- Task objective:
Keep only the lines from the start of the data through the line containing "1702 Bears Den", and output them exactly.

Short descriptive text snippets

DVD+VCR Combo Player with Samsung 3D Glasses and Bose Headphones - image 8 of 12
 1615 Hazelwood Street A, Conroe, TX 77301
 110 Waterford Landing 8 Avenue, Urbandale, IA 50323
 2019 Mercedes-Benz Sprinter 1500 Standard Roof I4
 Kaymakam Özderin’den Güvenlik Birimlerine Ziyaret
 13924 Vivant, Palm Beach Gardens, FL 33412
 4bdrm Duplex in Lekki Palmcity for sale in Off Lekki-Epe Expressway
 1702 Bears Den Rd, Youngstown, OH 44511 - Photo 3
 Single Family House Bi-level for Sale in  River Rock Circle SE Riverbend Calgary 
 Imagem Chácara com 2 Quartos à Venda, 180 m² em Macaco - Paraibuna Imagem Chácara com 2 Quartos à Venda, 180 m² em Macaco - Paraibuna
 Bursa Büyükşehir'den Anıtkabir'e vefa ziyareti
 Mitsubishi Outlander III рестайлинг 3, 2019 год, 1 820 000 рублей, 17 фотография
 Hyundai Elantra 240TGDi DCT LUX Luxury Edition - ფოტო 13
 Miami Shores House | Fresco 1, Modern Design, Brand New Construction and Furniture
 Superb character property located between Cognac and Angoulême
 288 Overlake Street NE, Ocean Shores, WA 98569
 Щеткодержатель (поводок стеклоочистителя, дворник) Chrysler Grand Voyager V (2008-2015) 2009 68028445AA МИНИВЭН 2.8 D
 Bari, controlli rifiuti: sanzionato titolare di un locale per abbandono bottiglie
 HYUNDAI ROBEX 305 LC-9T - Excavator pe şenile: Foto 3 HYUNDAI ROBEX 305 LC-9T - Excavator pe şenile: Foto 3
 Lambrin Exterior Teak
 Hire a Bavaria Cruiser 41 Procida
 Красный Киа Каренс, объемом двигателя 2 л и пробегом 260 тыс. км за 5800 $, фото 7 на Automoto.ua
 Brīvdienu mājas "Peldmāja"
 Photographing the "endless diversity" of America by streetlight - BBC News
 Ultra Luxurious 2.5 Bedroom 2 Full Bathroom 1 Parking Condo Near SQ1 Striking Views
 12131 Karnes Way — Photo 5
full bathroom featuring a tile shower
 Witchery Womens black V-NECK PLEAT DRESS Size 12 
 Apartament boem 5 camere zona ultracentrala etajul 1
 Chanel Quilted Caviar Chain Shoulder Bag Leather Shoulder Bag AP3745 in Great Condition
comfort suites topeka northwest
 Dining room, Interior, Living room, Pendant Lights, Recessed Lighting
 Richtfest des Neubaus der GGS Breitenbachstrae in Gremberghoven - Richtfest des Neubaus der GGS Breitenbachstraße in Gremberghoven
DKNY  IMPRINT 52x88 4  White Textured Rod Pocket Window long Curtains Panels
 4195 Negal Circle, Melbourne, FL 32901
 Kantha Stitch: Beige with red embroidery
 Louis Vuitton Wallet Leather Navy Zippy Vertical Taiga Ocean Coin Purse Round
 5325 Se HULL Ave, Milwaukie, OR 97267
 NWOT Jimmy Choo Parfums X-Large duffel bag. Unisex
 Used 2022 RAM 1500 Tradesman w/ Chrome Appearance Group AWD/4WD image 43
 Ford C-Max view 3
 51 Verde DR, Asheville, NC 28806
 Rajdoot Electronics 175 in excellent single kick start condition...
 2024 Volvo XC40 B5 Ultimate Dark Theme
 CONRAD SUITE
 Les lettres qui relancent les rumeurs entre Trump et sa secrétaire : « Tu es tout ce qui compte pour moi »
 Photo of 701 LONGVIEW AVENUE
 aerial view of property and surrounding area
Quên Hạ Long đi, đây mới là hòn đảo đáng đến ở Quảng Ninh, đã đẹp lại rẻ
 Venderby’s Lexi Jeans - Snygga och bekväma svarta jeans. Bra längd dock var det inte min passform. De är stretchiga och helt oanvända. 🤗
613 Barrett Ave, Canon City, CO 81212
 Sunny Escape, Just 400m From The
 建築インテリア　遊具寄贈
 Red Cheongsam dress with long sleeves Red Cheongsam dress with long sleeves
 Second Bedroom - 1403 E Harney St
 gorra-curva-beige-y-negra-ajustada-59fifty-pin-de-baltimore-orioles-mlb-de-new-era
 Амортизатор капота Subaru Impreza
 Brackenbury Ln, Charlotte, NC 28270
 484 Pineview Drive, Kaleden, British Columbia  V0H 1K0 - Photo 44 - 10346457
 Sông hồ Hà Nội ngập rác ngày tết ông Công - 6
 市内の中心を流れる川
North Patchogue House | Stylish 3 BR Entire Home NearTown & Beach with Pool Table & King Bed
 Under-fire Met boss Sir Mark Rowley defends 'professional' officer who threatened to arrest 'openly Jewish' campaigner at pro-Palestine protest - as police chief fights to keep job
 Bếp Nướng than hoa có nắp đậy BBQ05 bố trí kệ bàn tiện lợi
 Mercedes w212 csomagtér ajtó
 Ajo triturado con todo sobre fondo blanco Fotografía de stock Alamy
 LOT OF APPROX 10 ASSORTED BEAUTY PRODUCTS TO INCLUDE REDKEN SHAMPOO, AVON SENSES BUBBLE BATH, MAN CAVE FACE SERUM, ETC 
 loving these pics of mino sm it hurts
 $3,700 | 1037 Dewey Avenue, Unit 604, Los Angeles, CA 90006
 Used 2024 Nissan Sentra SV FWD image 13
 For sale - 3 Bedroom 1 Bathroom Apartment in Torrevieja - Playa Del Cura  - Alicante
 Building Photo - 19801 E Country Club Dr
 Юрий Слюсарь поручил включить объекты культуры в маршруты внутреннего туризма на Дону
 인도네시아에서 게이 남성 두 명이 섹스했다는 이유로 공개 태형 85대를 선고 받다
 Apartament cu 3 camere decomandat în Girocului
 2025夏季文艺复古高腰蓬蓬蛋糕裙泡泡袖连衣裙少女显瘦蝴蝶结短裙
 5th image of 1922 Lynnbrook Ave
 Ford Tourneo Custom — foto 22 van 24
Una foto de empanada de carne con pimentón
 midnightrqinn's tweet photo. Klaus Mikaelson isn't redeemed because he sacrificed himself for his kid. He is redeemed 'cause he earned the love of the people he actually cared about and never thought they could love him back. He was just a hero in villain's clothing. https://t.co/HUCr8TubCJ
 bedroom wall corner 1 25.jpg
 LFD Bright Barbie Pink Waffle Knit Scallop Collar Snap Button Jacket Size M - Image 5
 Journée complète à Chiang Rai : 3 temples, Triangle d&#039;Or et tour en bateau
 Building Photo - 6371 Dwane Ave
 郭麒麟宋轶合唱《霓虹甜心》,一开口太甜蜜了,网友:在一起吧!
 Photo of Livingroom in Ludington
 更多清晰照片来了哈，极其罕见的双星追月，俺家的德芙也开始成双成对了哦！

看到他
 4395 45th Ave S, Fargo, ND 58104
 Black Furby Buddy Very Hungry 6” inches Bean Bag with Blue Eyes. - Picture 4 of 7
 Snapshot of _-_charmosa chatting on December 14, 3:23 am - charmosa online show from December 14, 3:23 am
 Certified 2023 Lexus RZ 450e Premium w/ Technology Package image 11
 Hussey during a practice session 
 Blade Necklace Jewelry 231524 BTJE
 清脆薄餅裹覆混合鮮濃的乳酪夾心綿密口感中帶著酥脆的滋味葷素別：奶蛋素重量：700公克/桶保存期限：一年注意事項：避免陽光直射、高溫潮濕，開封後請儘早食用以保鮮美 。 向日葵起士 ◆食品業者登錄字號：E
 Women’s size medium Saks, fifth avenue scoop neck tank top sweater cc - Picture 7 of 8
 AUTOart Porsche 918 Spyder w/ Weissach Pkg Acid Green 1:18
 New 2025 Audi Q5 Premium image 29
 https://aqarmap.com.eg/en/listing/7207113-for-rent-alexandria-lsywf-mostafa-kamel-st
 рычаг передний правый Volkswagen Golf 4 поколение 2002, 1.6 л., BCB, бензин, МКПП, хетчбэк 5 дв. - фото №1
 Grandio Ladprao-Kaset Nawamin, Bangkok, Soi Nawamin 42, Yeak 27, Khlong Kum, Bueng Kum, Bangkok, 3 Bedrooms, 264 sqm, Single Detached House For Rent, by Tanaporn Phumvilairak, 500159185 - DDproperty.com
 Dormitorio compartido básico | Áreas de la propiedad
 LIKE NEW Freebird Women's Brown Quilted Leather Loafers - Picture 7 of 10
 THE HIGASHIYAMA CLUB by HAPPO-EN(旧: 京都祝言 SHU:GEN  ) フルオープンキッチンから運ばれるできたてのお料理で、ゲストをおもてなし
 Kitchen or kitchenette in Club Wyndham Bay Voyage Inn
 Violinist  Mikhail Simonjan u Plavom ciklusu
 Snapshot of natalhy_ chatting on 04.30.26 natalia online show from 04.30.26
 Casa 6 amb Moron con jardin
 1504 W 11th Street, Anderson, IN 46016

- Written solution:
DVD+VCR Combo Player with Samsung 3D Glasses and Bose Headphones - image 8 of 12
 1615 Hazelwood Street A, Conroe, TX 77301
 110 Waterford Landing 8 Avenue, Urbandale, IA 50323
 2019 Mercedes-Benz Sprinter 1500 Standard Roof I4
 Kaymakam Özderin’den Güvenlik Birimlerine Ziyaret
 13924 Vivant, Palm Beach Gardens, FL 33412
 4bdrm Duplex in Lekki Palmcity for sale in Off Lekki-Epe Expressway
 1702 Bears Den Rd, Youngstown, OH 44511 - Photo 3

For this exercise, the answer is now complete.